(Beginning of Data for analysis)
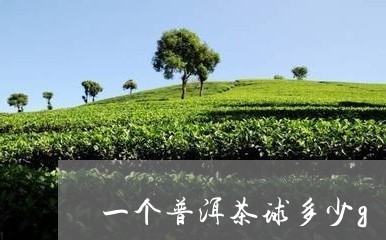 一个普洱茶球多少g/2023110573827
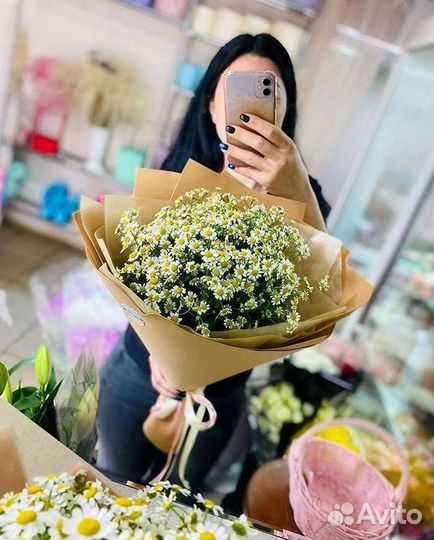 Цветы ромашки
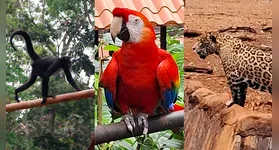 Animais acolhidos no Bioparque Amazônia, com espécies nativas da Floresta Nacional de Carajás, em um espaço dedicado à conservação e educação ambiental.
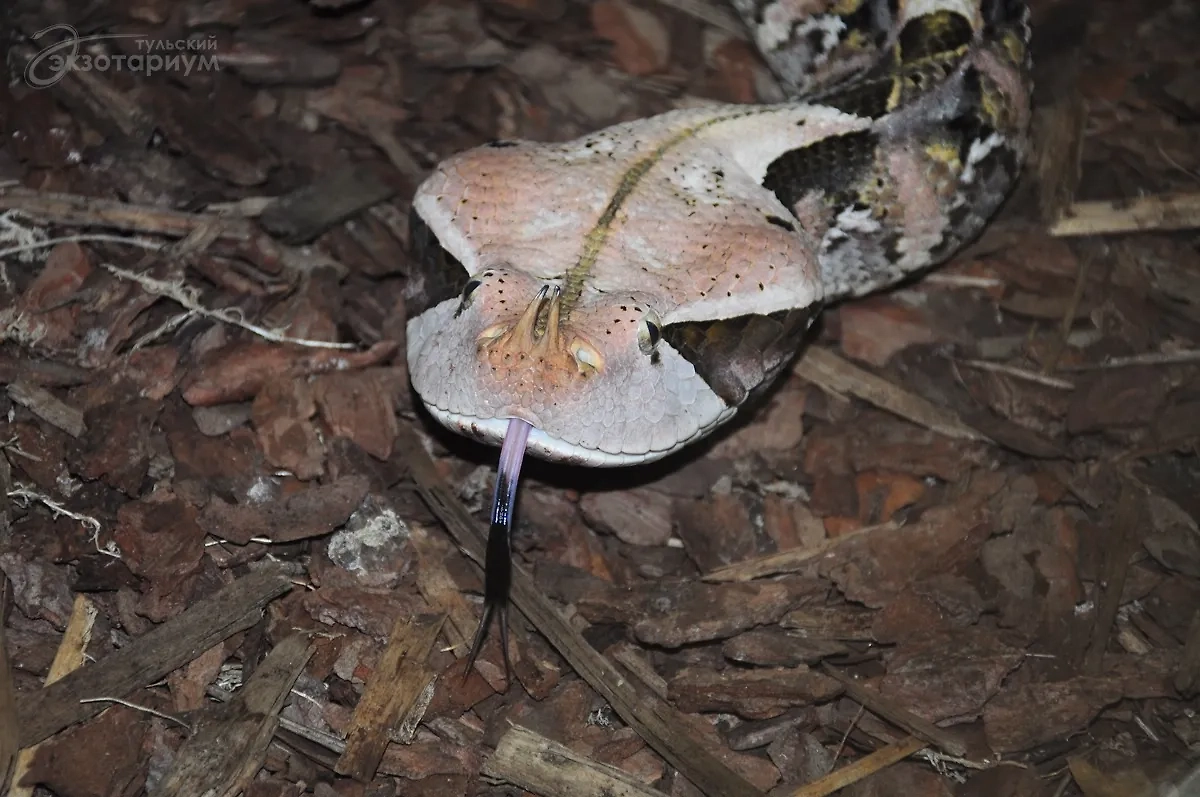 Габонская гадюка. Фото © Тульский экзотариум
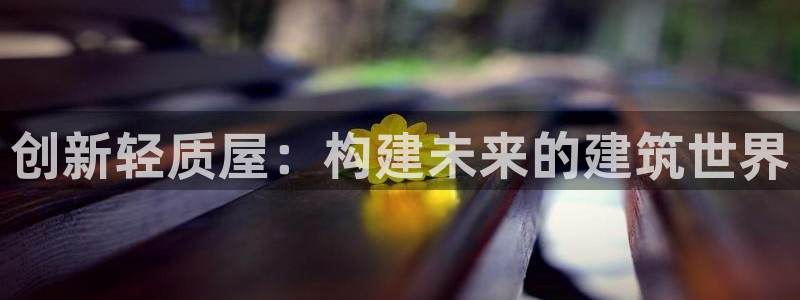 安信12是什么：创新轻质屋：构建未来的建筑世界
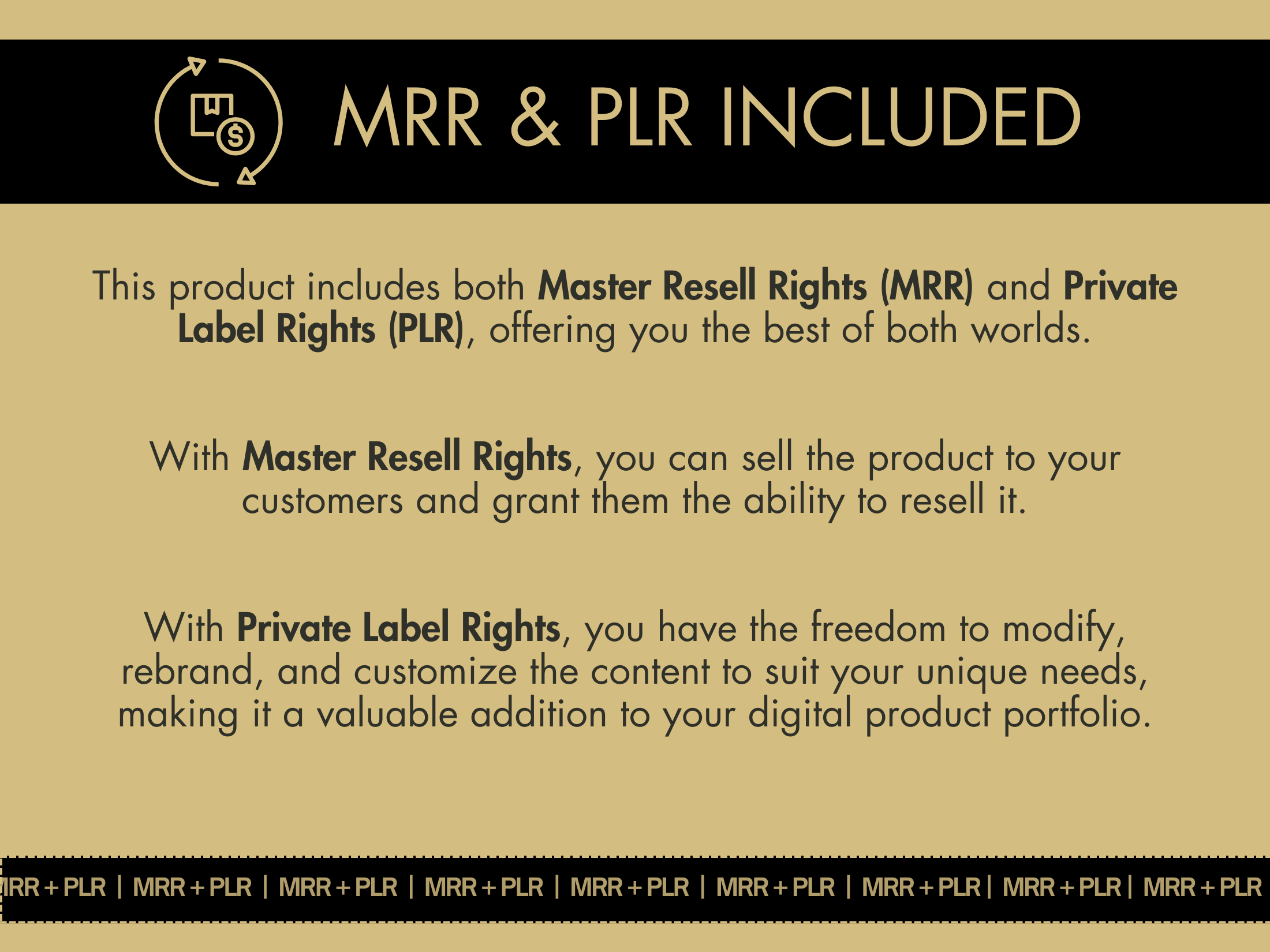 Details on the MRR and PLR included in the Neutral Business Woman Aesthetic Collection, perfect for resale and rebranding opportunities.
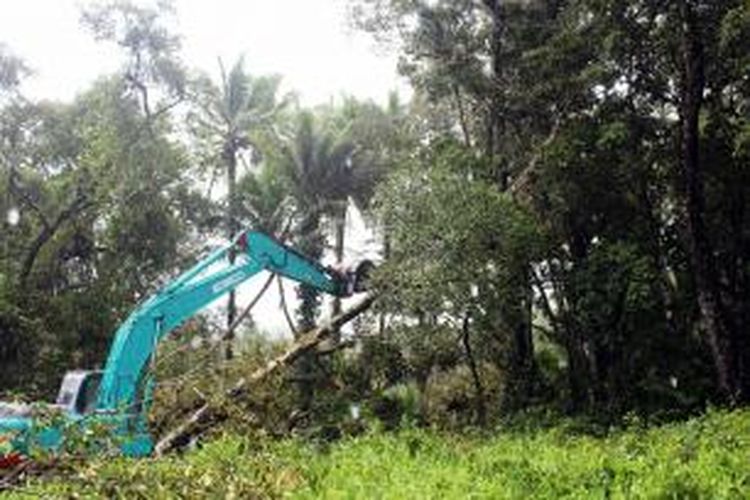 Sebuah alat berat sedang merobohkan pohon mangrove yang berusia lebih dari 100 tahun di bentaran sungai Marat, Beo, Talaud, Sulut.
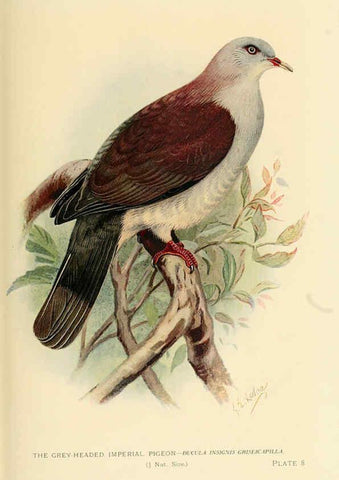 Reproducción/Reproduction 6197895230: Indian pigeons and doves London,Witherby & Co.,1913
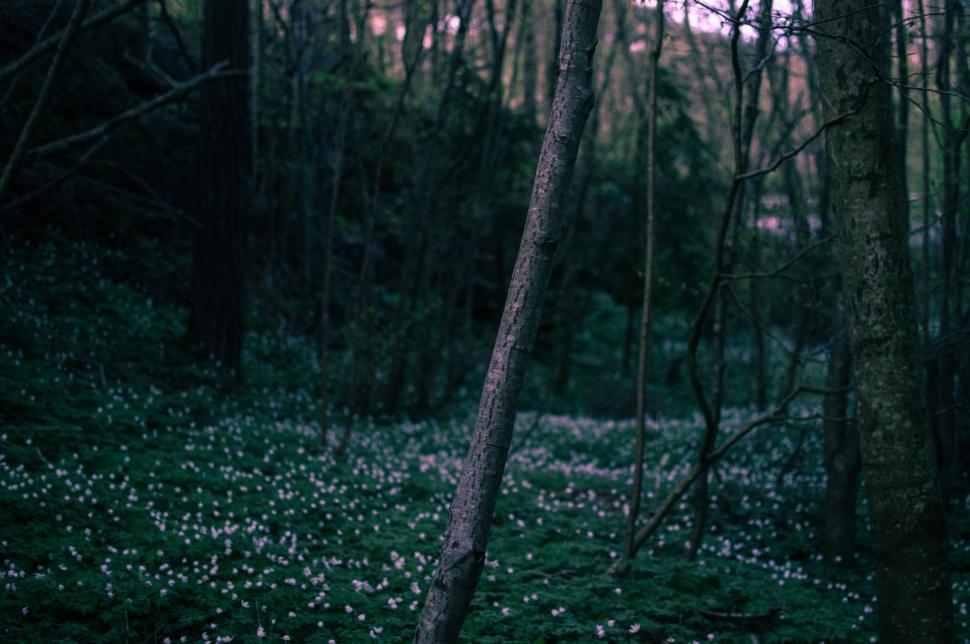 Free Image of Flower bed with tiny pink flowers 
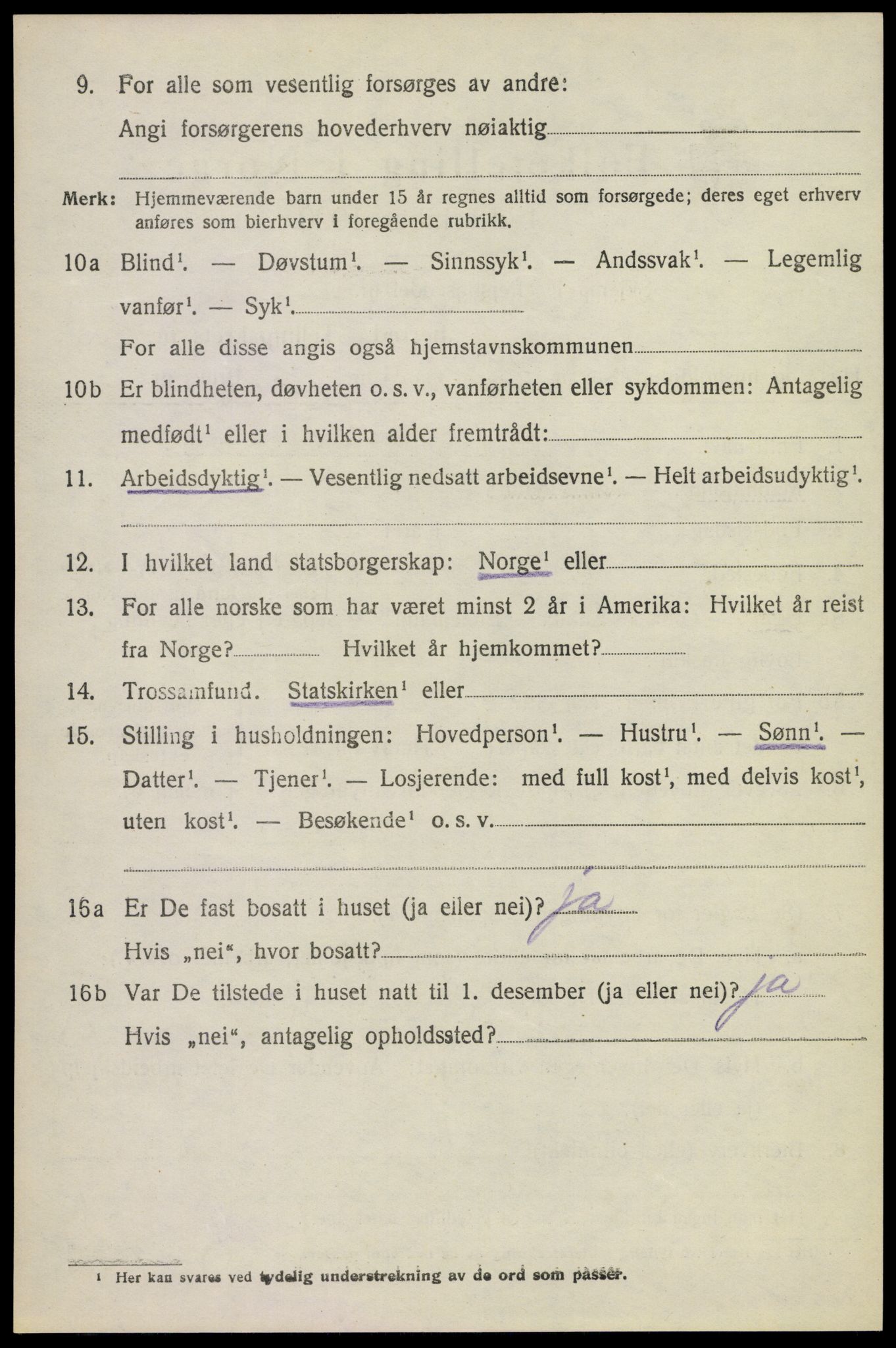 SAKO, 1920 census for Krødsherad, 1920, p. 1160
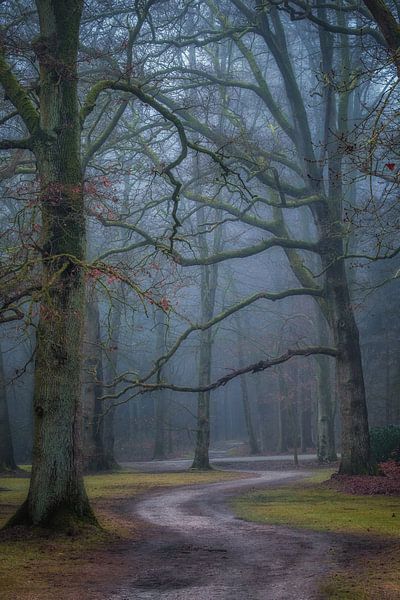 Winding path in the forest by Moetwil en van Dijk - Fotografie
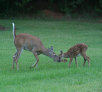 garymreed002005.jpg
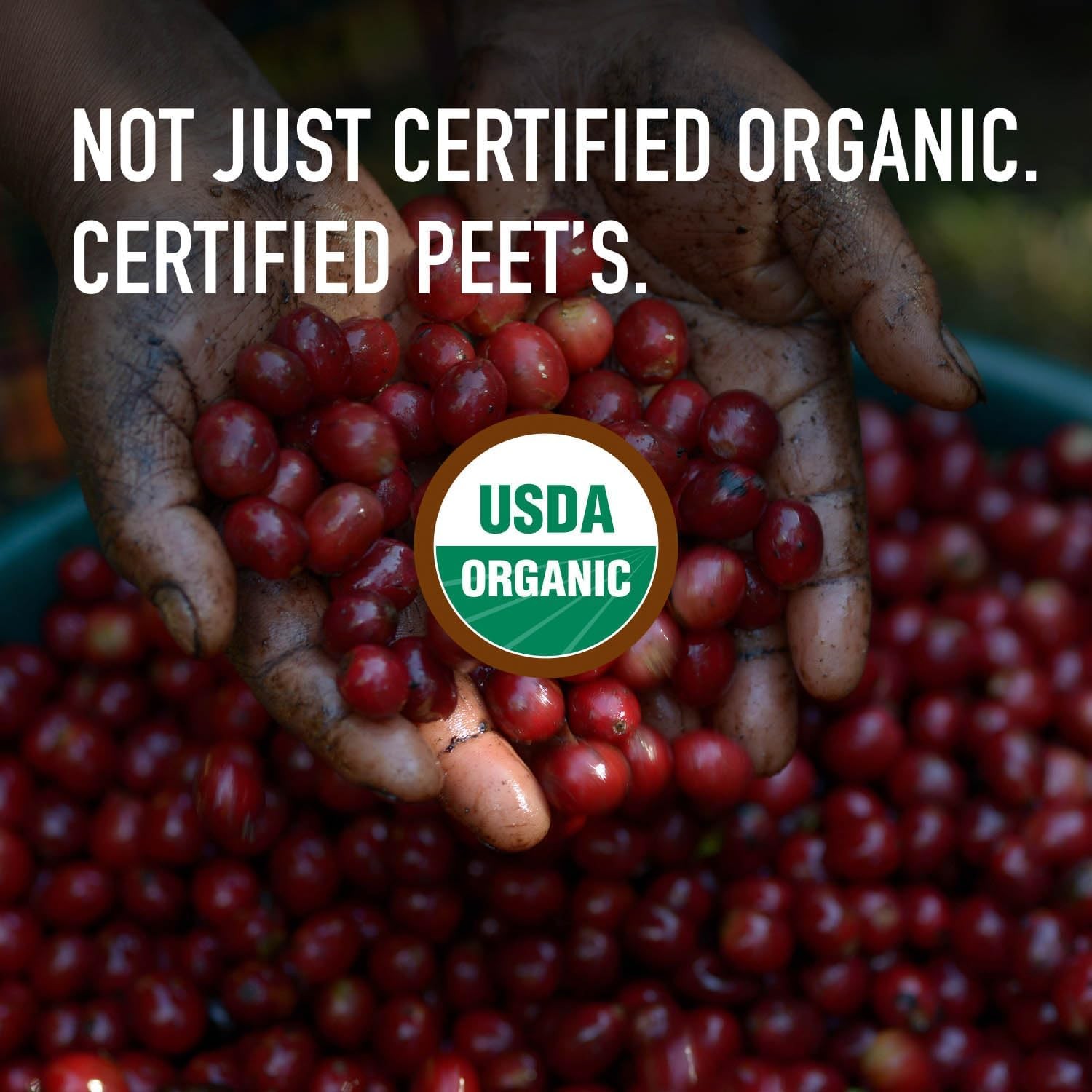 USDA Organic Dark Roast Ground Coffee, 100% Arabica Coffee – French Roast 18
(End of Data for analysis)
→ **Task details**:
Only the lines from the one containing "Sebuah alat berat" through the last line of the entries belong in the answer, given again exactly. Images stay out.

→ **Exercise response**:
 Sebuah alat berat sedang merobohkan pohon mangrove yang berusia lebih dari 100 tahun di bentaran sungai Marat, Beo, Talaud, Sulut.
 Reproducción/Reproduction 6197895230: Indian pigeons and doves London,Witherby & Co.,1913
 Free Image of Flower bed with tiny pink flowers 
 SAKO, 1920 census for Krødsherad, 1920, p. 1160
 Winding path in the forest by Moetwil en van Dijk - Fotografie
 garymreed002005.jpg
 USDA Organic Dark Roast Ground Coffee, 100% Arabica Coffee – French Roast 18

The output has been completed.